#### DATA IN THIS EXERCISE ####
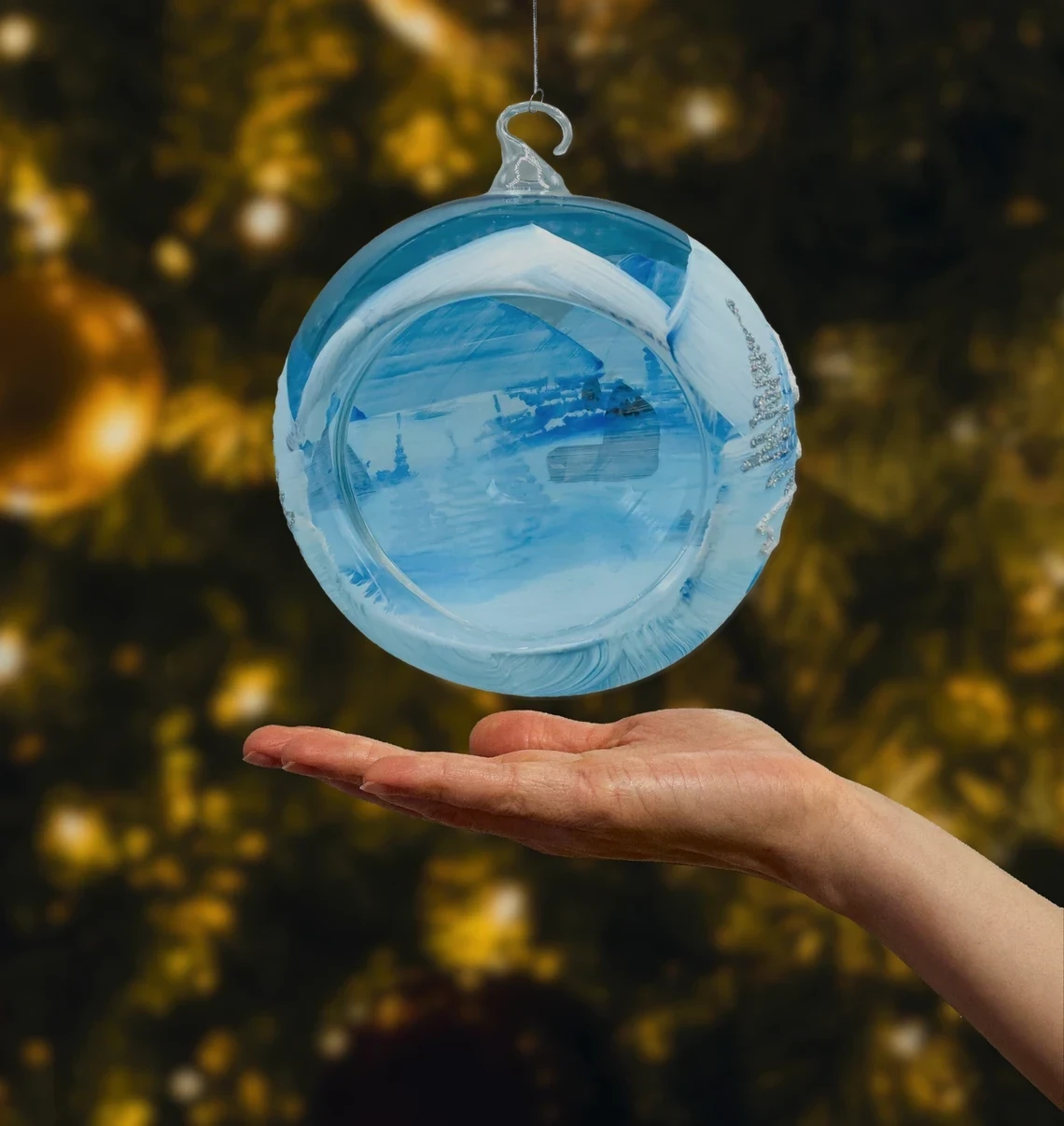 Szklana Bombka Lampion ze stojakiem: Lodowy Błękit realne zdjęcie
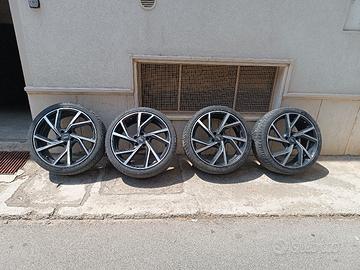 Cerchi in lega 19" e pneumatici invern / esti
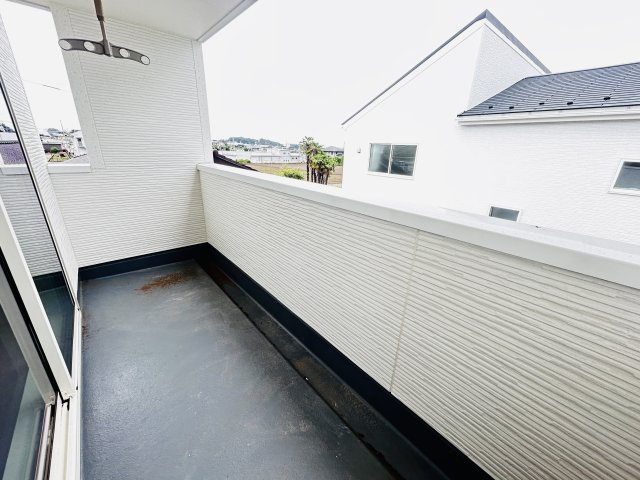 新築　前橋市樋越町第4　Livele Garden.S　5号棟のバルコニー|現地写真　インナーバルコニーで少しの雨なら濡れずにすみます。天気が怪しいけど…という悩みも解消ですね!									

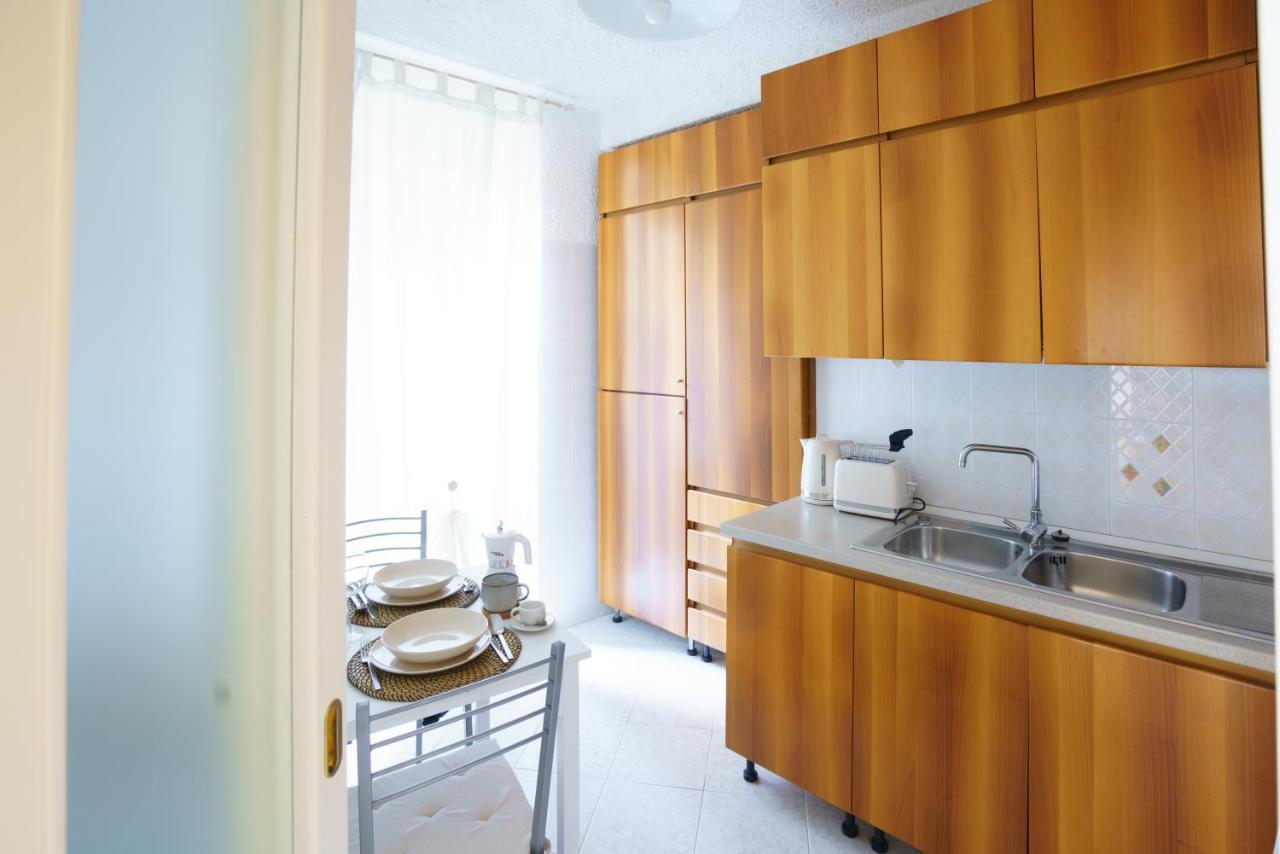 I Colori Di Rio Apartment ริโอมัจโจเร ภายนอก รูปภาพ
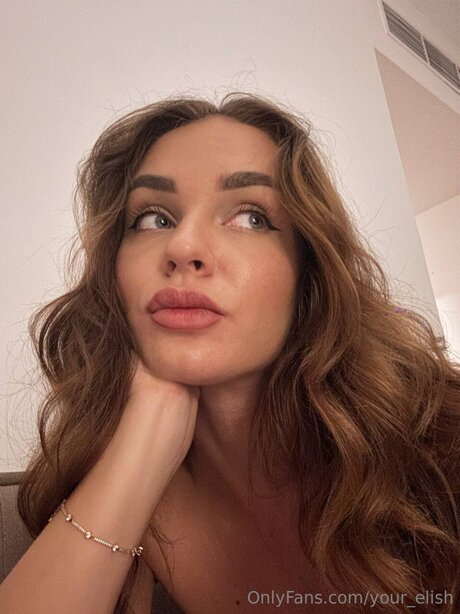 Naakte gelekte OnlyFans-foto van Your Elish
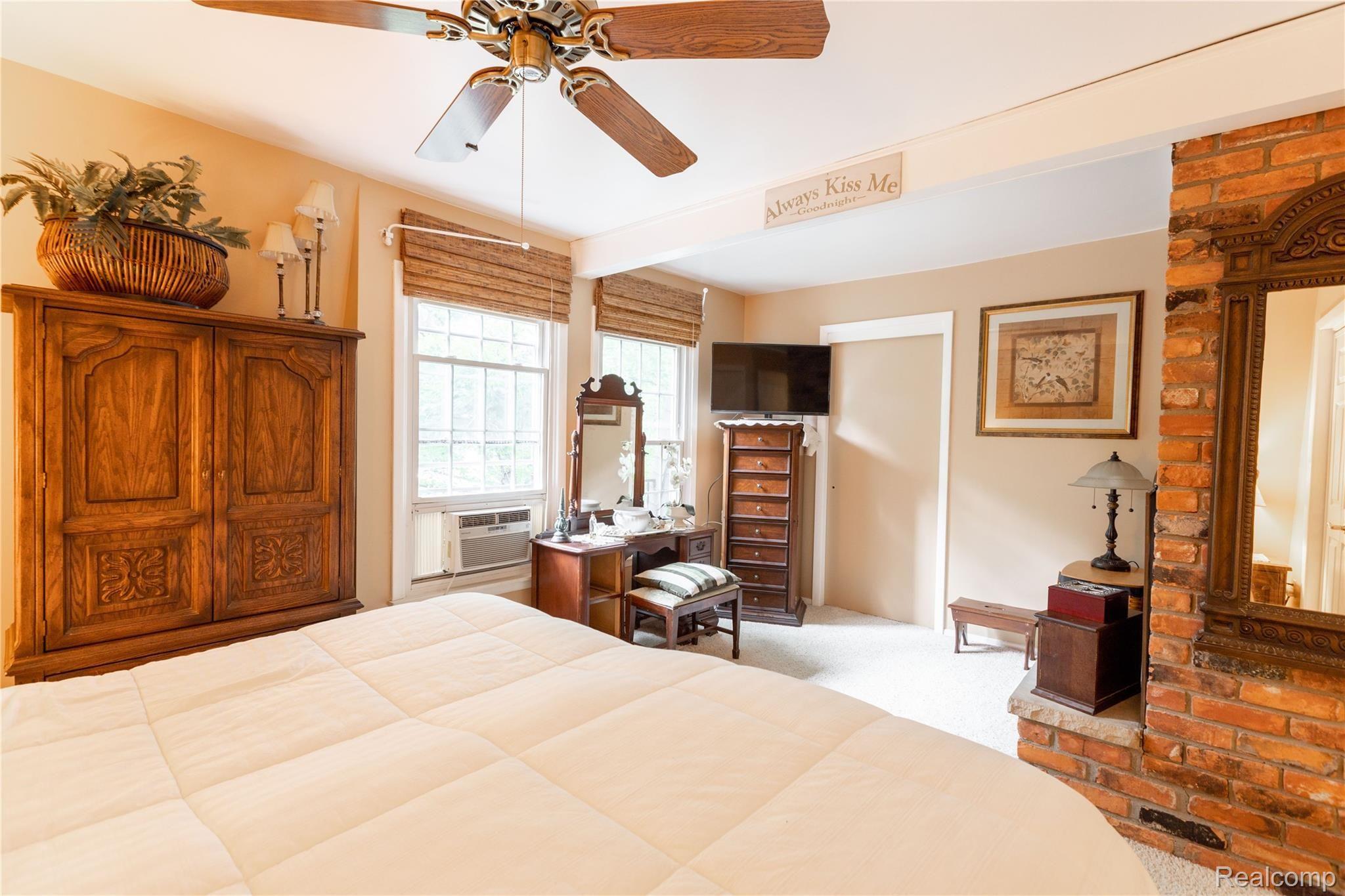 8416 Rucker Road Grosse Ile, MI 48138 - Photo 21 of 37 Additional view of Master bedroom w/fireplace.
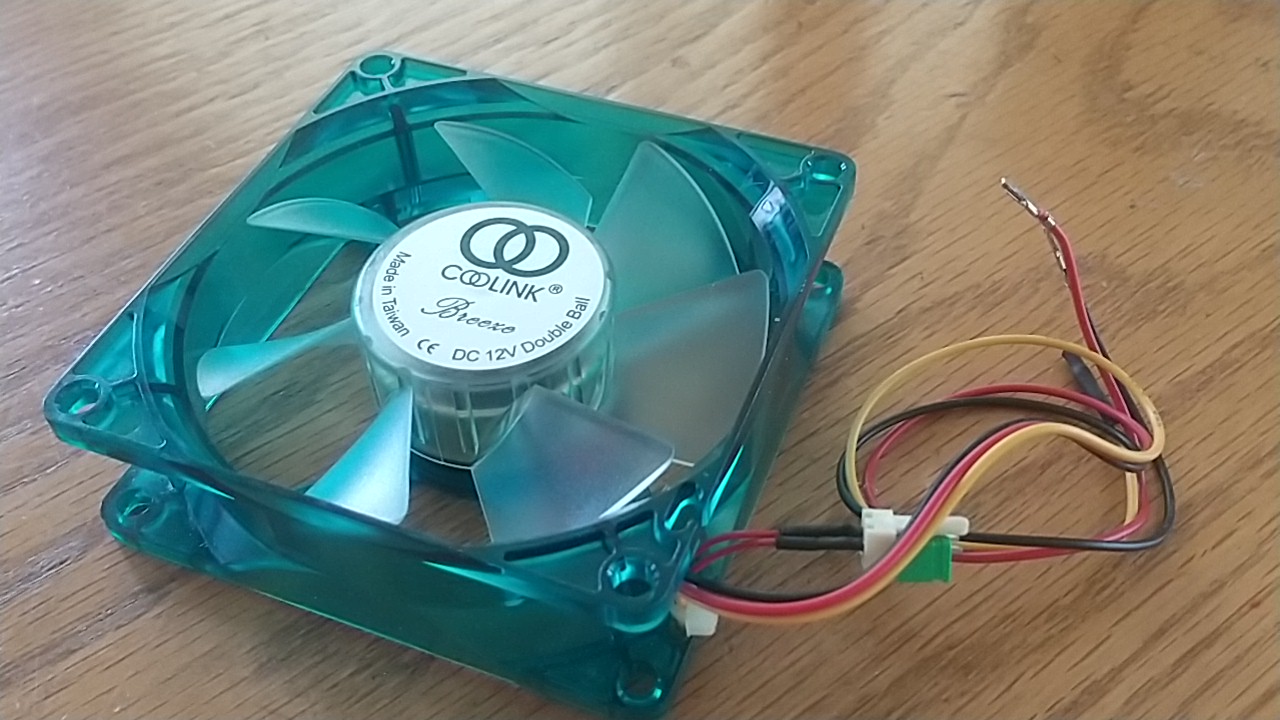 パソコン用CPUクーラー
####
*WORK REQUEST*: Transcribe every entry exactly. Leave out the pictures.

*RESPONSE AREA*:
 Szklana Bombka Lampion ze stojakiem: Lodowy Błękit realne zdjęcie
 Cerchi in lega 19" e pneumatici invern / esti
 新築　前橋市樋越町第4　Livele Garden.S　5号棟のバルコニー|現地写真　インナーバルコニーで少しの雨なら濡れずにすみます。天気が怪しいけど…という悩みも解消ですね!									

 I Colori Di Rio Apartment ริโอมัจโจเร ภายนอก รูปภาพ
 Naakte gelekte OnlyFans-foto van Your Elish
 8416 Rucker Road Grosse Ile, MI 48138 - Photo 21 of 37 Additional view of Master bedroom w/fireplace.
 パソコン用CPUクーラー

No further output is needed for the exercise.